Among the 33 objects that did not fit into any of the major families, 12 were not assigned to any family, and 21 were assigned to the extra group, which was divided into five minor families (see Fig. S11†). These five extra families did not fit unambiguously in any of the six major families, because some of their parameters fit in one family, while other parameters fit into other families. The four extra1 objects were assigned to tight-twist, nostack or none of the major families by the various SOMs. This was because they have high d_π–π (4.05–4.09 Å), a non-zero τ and intermediate Δy values that could fit in these groups, but their Δx and SV are too small. The three extra2 objects could fit into tight-twist, nostack or none of the major families according to the different SOMs, depending on the chosen parameters. They have high SV, Δy and d_π–π values (close to nostack values), but small Δx that do not fit in this family, resulting in high R values (>38°, higher than P) that are only typical of the tight-long-y family. The three extra3 objects lied between the crisscross and tight-long-y families, and in various SOMs, they were assigned to one of these two families. These objects had small SV, d_π–π and Δx values that could fit in the crisscross family, but they did not have a non-zero ρ or θ characteristic of this family, and their Δy was slightly too high. Furthermore, their Δy and SV were too low to fit in the tight-long-y family, despite their similar d_π–π and Δx values. The extra4 family (eight objects) and extra5 family (three objects) had parameters that could fit into the tight-long-x and tight-twist families. However, these objects had d_π–π values higher than those for the tight-long-x family and lower than those in the tight-twist family, some of them were twisted and their SV values were similar to those of the tight-long-x family (except for a couple of extra4 objects). In addition, their Δx and Δy values were similar to those of the tight-long-x family, but not those of the tight-twist family.
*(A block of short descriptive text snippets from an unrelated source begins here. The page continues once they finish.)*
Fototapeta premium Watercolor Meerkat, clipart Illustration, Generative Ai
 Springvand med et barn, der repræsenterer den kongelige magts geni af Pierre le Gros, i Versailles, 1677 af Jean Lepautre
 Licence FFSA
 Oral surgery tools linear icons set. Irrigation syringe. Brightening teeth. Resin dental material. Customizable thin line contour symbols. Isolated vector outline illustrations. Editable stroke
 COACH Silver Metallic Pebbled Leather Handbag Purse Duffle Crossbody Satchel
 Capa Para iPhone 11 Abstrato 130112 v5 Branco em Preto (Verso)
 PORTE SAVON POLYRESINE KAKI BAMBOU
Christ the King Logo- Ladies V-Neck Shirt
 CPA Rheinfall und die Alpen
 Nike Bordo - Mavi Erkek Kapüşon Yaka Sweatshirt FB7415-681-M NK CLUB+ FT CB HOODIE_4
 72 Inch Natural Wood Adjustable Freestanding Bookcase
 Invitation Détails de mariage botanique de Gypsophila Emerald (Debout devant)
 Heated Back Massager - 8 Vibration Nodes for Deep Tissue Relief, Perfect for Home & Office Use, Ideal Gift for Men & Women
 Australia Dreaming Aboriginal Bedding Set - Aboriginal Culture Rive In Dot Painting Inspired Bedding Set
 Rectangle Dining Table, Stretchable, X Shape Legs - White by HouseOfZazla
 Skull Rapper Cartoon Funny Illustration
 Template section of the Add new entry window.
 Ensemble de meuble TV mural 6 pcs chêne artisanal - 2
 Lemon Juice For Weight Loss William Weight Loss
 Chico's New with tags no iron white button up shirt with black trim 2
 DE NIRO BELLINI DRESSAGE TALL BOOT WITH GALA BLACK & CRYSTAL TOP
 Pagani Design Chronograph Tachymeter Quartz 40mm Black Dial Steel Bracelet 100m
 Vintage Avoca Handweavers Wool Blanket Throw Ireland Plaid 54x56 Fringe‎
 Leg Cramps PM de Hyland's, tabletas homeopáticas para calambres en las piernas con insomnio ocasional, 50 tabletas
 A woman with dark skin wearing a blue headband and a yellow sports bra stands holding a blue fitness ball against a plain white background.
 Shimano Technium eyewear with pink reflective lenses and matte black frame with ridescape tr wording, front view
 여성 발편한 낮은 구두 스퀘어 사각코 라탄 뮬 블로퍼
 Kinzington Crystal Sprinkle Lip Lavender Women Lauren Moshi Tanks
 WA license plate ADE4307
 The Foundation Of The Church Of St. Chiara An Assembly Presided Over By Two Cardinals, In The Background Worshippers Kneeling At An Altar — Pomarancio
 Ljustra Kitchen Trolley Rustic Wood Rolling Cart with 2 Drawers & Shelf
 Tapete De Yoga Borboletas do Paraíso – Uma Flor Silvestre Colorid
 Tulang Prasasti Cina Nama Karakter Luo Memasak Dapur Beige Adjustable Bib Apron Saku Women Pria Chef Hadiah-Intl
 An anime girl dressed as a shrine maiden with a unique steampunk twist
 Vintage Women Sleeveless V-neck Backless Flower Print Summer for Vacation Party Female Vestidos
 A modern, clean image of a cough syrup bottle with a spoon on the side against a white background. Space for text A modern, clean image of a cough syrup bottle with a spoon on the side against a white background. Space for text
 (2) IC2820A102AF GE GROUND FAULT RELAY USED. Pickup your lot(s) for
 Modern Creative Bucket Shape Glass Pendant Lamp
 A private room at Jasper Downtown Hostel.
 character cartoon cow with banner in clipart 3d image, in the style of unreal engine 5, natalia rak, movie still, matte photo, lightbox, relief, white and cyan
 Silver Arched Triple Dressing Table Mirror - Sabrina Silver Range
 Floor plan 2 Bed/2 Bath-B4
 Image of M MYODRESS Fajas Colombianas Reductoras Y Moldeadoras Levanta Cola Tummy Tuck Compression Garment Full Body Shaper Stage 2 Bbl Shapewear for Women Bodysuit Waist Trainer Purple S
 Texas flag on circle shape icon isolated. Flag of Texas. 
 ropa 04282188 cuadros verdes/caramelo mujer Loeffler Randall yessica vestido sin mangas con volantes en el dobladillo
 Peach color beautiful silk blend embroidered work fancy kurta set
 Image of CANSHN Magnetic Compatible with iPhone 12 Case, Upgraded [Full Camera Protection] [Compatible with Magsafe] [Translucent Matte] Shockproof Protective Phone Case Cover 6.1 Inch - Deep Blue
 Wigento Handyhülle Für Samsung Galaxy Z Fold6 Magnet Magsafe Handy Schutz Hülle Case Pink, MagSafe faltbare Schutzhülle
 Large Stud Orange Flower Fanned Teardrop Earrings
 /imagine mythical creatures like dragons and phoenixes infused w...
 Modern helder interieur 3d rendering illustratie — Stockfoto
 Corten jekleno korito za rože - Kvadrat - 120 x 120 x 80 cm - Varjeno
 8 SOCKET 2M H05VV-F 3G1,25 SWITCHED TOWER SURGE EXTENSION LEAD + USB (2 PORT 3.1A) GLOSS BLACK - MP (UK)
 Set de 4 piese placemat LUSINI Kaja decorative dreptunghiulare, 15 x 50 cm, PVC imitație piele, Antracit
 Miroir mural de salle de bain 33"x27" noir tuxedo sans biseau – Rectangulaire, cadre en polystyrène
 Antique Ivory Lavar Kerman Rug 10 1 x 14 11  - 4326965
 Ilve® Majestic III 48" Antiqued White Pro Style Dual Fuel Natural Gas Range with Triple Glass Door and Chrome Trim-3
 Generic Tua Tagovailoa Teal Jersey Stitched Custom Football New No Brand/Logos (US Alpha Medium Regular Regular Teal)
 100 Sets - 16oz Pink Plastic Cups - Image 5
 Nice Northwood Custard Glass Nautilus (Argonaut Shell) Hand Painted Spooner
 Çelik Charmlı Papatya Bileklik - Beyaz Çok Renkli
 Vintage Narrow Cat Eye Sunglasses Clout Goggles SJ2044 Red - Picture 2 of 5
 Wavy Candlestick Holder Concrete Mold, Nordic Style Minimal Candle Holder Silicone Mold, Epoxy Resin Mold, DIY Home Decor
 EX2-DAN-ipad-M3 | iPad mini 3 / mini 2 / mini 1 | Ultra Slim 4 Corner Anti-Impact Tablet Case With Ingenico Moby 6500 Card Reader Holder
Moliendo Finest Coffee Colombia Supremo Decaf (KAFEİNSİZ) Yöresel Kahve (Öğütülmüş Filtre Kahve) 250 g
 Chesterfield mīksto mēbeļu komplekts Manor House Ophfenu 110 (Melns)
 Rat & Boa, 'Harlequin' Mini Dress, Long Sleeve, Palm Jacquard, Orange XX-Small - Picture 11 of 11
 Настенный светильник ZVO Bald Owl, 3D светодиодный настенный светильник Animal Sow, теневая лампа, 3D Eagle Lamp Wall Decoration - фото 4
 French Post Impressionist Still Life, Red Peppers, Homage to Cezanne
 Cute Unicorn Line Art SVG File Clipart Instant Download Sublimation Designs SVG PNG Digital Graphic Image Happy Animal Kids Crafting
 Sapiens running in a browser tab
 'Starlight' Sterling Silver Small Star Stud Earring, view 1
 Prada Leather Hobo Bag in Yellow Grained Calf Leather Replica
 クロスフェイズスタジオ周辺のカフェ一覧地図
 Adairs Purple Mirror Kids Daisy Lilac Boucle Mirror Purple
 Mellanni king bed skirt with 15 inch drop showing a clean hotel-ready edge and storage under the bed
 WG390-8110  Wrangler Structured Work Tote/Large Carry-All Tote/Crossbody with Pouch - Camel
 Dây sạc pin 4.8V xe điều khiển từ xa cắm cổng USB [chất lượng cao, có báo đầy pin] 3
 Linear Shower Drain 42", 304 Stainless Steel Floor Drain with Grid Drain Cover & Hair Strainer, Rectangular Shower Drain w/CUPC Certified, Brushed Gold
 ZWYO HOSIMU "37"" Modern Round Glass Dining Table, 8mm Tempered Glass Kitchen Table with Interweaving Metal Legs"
A visual representation of the typical stacking in the crystal structures of the major families that best summarises the characteristics of each group is given in Fig. 4.


	Fig. 4 Stacking of the perylene core for the major families viewed along the z (top) and x (bottom) axis. a) tight-long-x, CSD reference code (refcode) DICNIM; b) tight-long-y, refcode SAGWEC; c) crisscross, refcode MIWHEF; d) tight-twist, refcode NIXWIC02; e) verylong-x, refcode KUWXOR and f) nostack, refcode USAFEB01.

Fig. 4 shows that the overlap between perylene cores in the tight-long-x and crisscross families (Fig. 4a and c) is high. The structures within these families are characterised by a well-defined 1D packing motif along the π-stacking direction. In contrast, the structures in the tight-long-y family (Fig. 4b) have large displacement along the y direction, leading to a minor overlap of the perylene cores. However, the large displacement leads to a 2D packing motif, which can be beneficial for charge mobility.³² The structure of the tight-twist family (Fig. 4d) clearly resembles the characteristics described previously, such as large τ, Δx and Δy that result in a low degree of core overlap and a high d_π–π. Nevertheless, some degree of π-stacking is still important in this structure, although it is clear that the packing is also driven by other interactions. Finally, although the objects within the nostack and verylong-x families were always clustered by the SOMs, they differed from each other, especially those assigned to the nostack family. Thus, the structures given in Fig. 4e and f are meant to show the main stacking characteristics that are similar for all objects in the same family. In the nostack family, there is high variability in the parameters, although some objects have torsions or rotation, whereas others do not. In contrast, the objects in verylong-x were similar, apart from the few with high ρ and/or twist. In particular, two objects (CSD reference codes YIWMEY and XAPRIQ) had extremely high θ values (∼80°). In these cases, there was no π-stacking interactions between the perylene cores, because they were almost perpendicular to each other. Instead, a dipole–π interaction was observed between the perylene core and carbonyl oxygen of the closest molecule (Fig. S12†).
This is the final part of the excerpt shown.